** Task objective **
One part of the entries below is wanted: the lines from the one containing "Scarlatti & Beyond Scarlatti & Beyond" through the one containing "Tegeltje - I love more champagne". Write those out exactly and nothing else.

(Source records Opens)

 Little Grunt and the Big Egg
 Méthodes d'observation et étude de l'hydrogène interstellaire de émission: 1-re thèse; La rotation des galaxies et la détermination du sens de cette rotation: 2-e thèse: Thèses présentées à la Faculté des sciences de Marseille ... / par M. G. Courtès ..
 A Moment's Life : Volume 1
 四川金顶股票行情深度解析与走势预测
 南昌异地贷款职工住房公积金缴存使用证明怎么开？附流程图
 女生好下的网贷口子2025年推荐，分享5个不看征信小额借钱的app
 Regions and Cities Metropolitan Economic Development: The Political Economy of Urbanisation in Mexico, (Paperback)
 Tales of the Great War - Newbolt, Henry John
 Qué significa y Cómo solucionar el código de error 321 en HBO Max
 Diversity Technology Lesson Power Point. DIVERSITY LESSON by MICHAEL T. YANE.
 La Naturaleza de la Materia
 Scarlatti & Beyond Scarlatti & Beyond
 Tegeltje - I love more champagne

(Source records Closes)
(Source records Opens)

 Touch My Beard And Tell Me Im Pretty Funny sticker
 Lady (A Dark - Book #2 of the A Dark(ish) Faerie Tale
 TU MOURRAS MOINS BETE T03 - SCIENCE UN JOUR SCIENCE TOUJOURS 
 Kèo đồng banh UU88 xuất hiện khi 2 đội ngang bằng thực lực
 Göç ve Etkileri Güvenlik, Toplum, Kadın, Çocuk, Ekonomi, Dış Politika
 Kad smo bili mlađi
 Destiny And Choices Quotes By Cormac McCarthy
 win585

(Source records Closes)

** Written answer **
 Scarlatti & Beyond Scarlatti & Beyond
 Tegeltje - I love more champagne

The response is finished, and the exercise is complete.